The detailed sense of place in this story is wonderfully articulated and takes on a murky character of its own. The dirty, brown, ugly river running through the story is a Giving Tree of sorts. It provides with no thought for itself and everyone who lives on the river seems to be living off of it in one way or another. Ellis's father catches and sells from his riverside shanty, Neckbone's uncle dives for mussels and pearls and even Mud seems to have emerged mysteriously from the riverbed like an Uruk Hai from a birthing pit.

Unfolding on this mucky river is a growing sense of wonder and mystery that seems to mimic the outlook of a child. Even in his world of recycled possessions and mud-stained belongings, everything seems so full of intrigue and promise. But things are not always as they seem and nothing is black and white in Nichol's film. Every one has their own indiscretions and share of mistakes but that doesn't necessarily make them bad, it just...makes them. This is the case with Reese Witherspoon’s character Juniper - a kind but lecherous soul. Her helpless love with Mud is at once pure and manipulative and in the end our impressions of any one of these characters is limited by our brief encounters with them.


Neckbone's uncle Galen, played in a bit-part by Michael Shannon, offers an anecdote that seems to encapsulate the magic of the film. Looking up at his ceiling fan winding overhead, he muses to his nephew that it's the best ceiling fan that he's ever had, finer than all the other ceiling fans he's ever owned, and yet he found it on the bottom of the river. Who or why someone threw it out is a mystery to him but as the adage goes "one man's trash is another man's treasure". To extend this metaphor to Mud (both the character and the film,) even people who have been thrown away, mistreated or discarded can be worth saving and may just be the finest things of all. They just may need some re-wiring.
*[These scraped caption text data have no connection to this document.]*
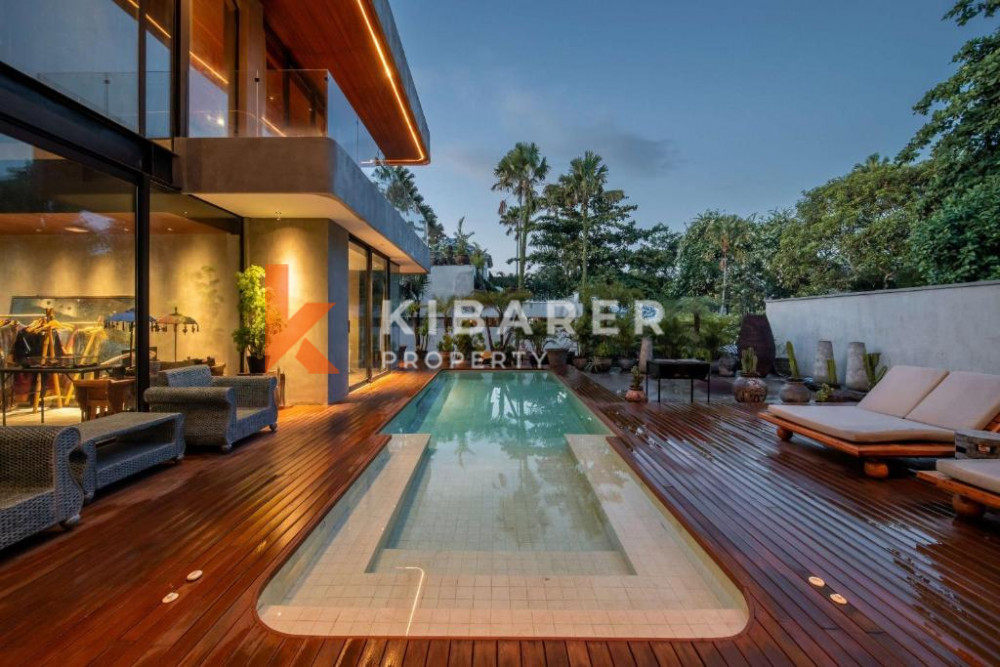 Luxury Five-Bedroom Villa in Berawa — image 4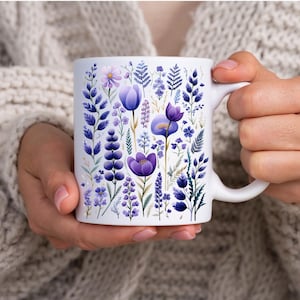 Boho Lila Vildblommor Cottagecore Kaffemugg, Blommor Mugg, Pastell Blommig Natur Mugg, Vildblommor Tekopp, Blomsterträdgårdsälskare, Present till henne bild 4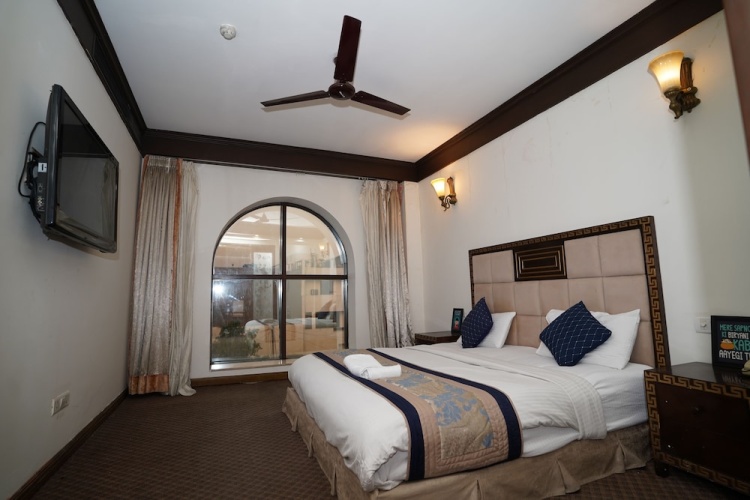 Royal room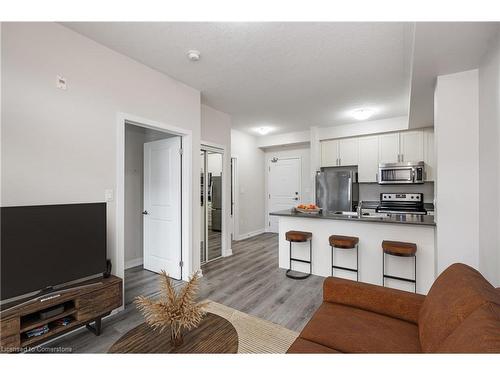 213-35 Southshore Crescent N, Hamilton, ON - Indoor Photo Showing Kitchen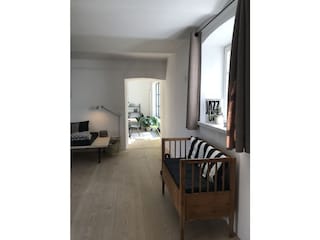 Wohnzimmer mit Blick in das Esszimmer und Küche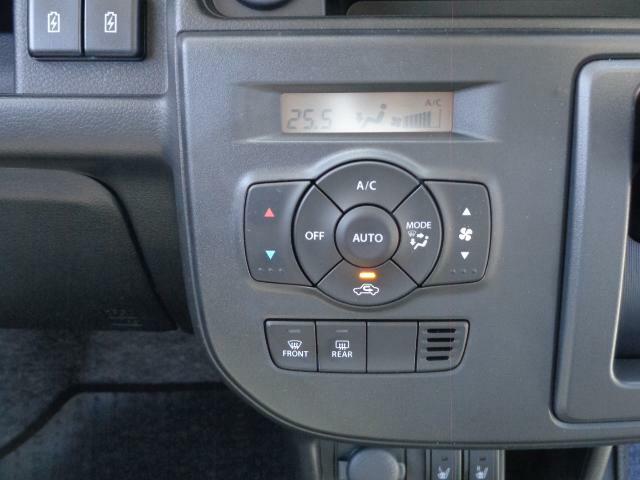 フルオートエアコンは、車内を年中快適に保ちます。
Themes of innocence lost and re-invigoration of character are beautifully woven into the subtext and come across as potent and intoxicating, allowing Mud to be something to dwell on rather than watch once and dismiss. It's a surprisingly tender film that, like its characters, wears its heart on its sleeve. As a postmodern tale of virtue gone slumming and a story of the veracity of the human spirit, Mud is a tremendously heart-warming and gritty modern day fairy tale.